Buffett has made Apple a keystone of his expansive holdings and highlighted his own use of the company’s iPad products. He said at his annual shareholders’ meeting in Omaha last May that “We would love to see Apple go down in price,” so he could buy more at a bargain.

On Monday, Buffett also reiterated that while the latest SEC filings showed that Berkshire Hathaway had very slightly trimmed its Apple stake in the fourth quarter that was not him, but rather one of the conglomerate’s money managers — Ted Weschler or Todd Combs — who sold some Apple to make a new investment. Weschler and Combs have a capped amount of money to invest.

Apple last year became the first publicly traded U.S. company in modern history to reach $1 trillion in market value. Berkshire Hathaway is the second-largest holder of Apple shares with a stake worth about $52 billion, according to FactSet.

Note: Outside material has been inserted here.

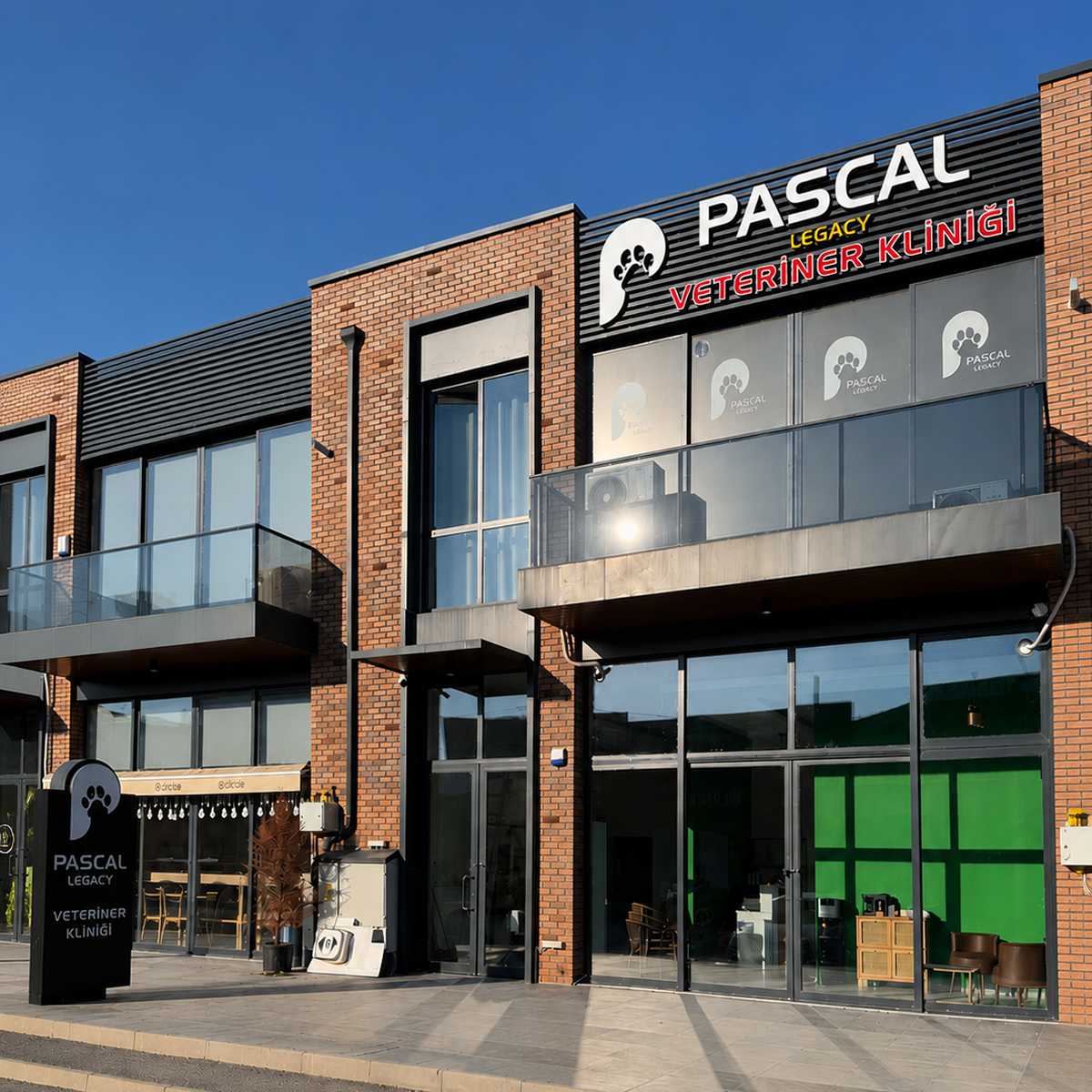 Pascal Legacy Veteriner Kliniği Hakkımızda Görseli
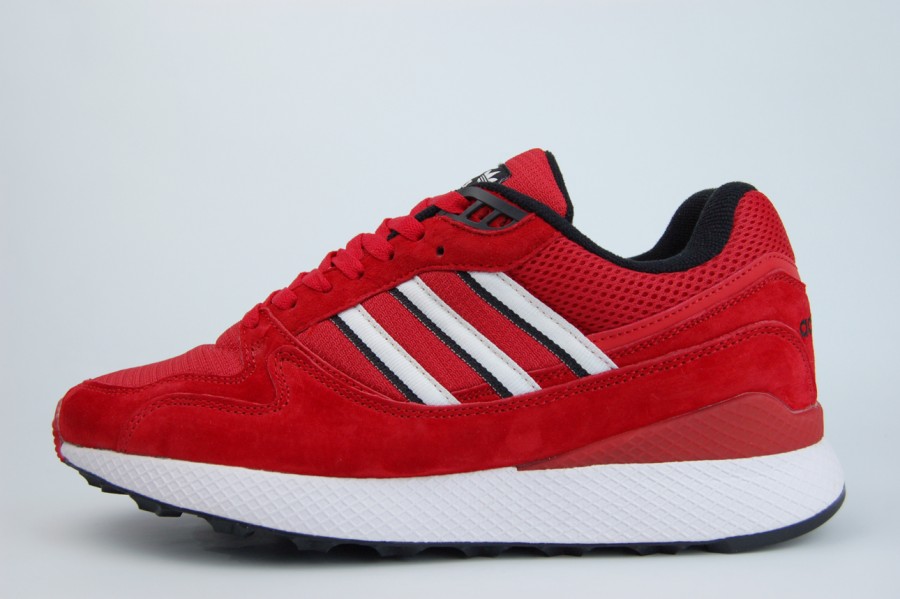 кроссовки Adidas Ultra Tech Red / White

Despite Wall Street’s concerns surrounding the iPhone maker’s device sales, Buffett has often explained that his love for Apple stems less from short-term financial performance and more from the power of its brand and ecosystem. Buffett views Apple more as a compelling consumer stock than a tech stock thanks to its popularity among its many users.

“I do not focus on the sales in the next quarter or the next year,” he said in August. “I focus on the … hundreds, hundreds, hundreds millions of people who practically live their lives by it [iPhone].” He also called the iPhone “enormously underpriced” at that time, saying that it’s worth far more than the $1,000 Apple charges.

Apple stock is down about 20 percent over the past 6 months, with much of that decline following the company’s decision to no longer break out individual sales numbers for the iPhone, iPad and Mac, a statistic analysts and investors for years used as a proxy for Apple’s financial health.

Investors were also spooked after the company lowered its first-quarter guidance last month. Apple lowered revenue guidance to $84 billion, down from the $89 billion to $93 billion it had previously projected. The company lowered gross margin to about 38 percent from between 38 percent and 38.5 percent.

Buffett, 88, also discussed Berkshire’s $112 billion cash pile and how he plans to use it. He also detailed his outlook on the U.S. economy, his views of the early 2020 presidential campaign field and his investment in Kraft Heinz.